Dataset entries:
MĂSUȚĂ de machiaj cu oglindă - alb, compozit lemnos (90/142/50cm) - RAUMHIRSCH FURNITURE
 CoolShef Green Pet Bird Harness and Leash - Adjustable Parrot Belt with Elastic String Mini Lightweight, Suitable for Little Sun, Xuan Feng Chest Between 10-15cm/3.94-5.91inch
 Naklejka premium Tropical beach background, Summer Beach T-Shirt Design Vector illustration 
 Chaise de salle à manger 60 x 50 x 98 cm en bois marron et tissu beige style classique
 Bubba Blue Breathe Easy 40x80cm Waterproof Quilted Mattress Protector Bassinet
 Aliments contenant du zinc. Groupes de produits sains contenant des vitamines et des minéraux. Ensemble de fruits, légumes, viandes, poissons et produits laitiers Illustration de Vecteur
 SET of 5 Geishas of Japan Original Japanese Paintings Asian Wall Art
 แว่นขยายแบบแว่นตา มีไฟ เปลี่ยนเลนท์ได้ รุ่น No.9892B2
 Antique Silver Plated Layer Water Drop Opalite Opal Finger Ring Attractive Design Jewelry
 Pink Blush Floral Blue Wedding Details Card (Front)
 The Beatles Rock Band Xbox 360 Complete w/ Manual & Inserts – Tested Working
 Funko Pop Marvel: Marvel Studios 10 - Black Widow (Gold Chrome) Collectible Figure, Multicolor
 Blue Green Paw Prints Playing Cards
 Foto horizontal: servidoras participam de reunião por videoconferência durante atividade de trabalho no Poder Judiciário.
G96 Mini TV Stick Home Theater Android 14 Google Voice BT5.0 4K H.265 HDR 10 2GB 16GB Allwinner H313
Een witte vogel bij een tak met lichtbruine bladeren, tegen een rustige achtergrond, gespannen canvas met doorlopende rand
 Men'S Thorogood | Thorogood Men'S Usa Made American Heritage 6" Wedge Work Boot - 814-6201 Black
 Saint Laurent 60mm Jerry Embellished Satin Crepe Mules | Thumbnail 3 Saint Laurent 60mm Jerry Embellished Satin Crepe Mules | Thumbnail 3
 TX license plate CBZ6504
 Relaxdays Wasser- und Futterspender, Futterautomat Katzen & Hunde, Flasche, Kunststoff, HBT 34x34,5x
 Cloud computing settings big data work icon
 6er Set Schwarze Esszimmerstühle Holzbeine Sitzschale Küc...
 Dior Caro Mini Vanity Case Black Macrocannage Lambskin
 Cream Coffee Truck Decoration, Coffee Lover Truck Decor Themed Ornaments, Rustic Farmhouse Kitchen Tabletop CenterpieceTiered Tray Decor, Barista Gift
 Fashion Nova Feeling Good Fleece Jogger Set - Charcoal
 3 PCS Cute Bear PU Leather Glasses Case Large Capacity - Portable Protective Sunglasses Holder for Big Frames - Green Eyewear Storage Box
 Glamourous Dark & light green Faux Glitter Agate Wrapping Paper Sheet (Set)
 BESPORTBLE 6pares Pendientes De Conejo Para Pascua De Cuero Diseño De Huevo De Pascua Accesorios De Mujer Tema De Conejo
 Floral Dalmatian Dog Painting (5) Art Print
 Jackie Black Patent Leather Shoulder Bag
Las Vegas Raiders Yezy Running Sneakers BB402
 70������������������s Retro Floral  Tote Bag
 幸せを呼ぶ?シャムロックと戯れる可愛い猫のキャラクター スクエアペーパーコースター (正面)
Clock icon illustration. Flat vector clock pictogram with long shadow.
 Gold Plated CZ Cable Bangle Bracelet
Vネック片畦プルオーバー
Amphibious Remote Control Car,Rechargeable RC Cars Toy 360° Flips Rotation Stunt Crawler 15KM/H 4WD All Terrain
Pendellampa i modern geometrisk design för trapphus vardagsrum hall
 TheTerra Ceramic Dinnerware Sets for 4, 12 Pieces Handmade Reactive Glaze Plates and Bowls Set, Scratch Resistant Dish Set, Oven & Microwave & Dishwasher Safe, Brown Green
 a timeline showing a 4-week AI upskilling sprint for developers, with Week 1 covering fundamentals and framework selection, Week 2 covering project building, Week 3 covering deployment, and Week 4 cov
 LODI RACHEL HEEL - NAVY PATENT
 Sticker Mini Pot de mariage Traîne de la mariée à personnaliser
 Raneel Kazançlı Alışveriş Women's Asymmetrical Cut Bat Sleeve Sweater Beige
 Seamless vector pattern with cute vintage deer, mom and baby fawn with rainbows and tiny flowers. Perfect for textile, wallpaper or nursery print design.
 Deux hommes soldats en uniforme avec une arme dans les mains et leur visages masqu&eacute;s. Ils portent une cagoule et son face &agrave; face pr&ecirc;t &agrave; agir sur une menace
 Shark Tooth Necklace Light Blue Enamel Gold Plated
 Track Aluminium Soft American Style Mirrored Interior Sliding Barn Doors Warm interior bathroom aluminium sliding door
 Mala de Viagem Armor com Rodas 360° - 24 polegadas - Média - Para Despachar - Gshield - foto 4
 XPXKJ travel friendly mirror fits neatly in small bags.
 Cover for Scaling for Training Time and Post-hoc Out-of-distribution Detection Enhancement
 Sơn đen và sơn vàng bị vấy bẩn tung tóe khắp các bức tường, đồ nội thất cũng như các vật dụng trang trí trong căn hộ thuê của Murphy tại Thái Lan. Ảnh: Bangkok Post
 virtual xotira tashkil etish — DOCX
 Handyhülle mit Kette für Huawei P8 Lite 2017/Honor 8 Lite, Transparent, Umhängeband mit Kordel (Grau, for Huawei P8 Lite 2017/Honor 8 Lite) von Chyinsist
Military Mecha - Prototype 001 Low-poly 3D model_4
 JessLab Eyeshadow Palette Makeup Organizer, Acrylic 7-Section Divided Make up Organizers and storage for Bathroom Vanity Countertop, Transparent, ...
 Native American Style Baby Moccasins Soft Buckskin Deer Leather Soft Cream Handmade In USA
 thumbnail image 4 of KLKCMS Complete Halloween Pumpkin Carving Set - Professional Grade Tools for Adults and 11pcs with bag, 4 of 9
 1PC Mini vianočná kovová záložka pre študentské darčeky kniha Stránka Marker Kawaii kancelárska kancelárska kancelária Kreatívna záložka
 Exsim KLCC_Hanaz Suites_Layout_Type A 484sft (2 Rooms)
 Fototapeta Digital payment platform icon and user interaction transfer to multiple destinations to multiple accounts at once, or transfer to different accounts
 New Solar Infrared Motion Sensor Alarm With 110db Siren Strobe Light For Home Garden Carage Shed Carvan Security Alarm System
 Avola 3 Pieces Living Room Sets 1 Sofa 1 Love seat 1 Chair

Your assignment: Reprint exactly the lines above that start at the one with "Men'S Thorogood |" and end at the one with "Vネック片畦プルオーバー", keeping both and adding none.

Reply to the task:
 Men'S Thorogood | Thorogood Men'S Usa Made American Heritage 6" Wedge Work Boot - 814-6201 Black
 Saint Laurent 60mm Jerry Embellished Satin Crepe Mules | Thumbnail 3 Saint Laurent 60mm Jerry Embellished Satin Crepe Mules | Thumbnail 3
 TX license plate CBZ6504
 Relaxdays Wasser- und Futterspender, Futterautomat Katzen & Hunde, Flasche, Kunststoff, HBT 34x34,5x
 Cloud computing settings big data work icon
 6er Set Schwarze Esszimmerstühle Holzbeine Sitzschale Küc...
 Dior Caro Mini Vanity Case Black Macrocannage Lambskin
 Cream Coffee Truck Decoration, Coffee Lover Truck Decor Themed Ornaments, Rustic Farmhouse Kitchen Tabletop CenterpieceTiered Tray Decor, Barista Gift
 Fashion Nova Feeling Good Fleece Jogger Set - Charcoal
 3 PCS Cute Bear PU Leather Glasses Case Large Capacity - Portable Protective Sunglasses Holder for Big Frames - Green Eyewear Storage Box
 Glamourous Dark & light green Faux Glitter Agate Wrapping Paper Sheet (Set)
 BESPORTBLE 6pares Pendientes De Conejo Para Pascua De Cuero Diseño De Huevo De Pascua Accesorios De Mujer Tema De Conejo
 Floral Dalmatian Dog Painting (5) Art Print
 Jackie Black Patent Leather Shoulder Bag
Las Vegas Raiders Yezy Running Sneakers BB402
 70������������������s Retro Floral  Tote Bag
 幸せを呼ぶ?シャムロックと戯れる可愛い猫のキャラクター スクエアペーパーコースター (正面)
Clock icon illustration. Flat vector clock pictogram with long shadow.
 Gold Plated CZ Cable Bangle Bracelet
Vネック片畦プルオーバー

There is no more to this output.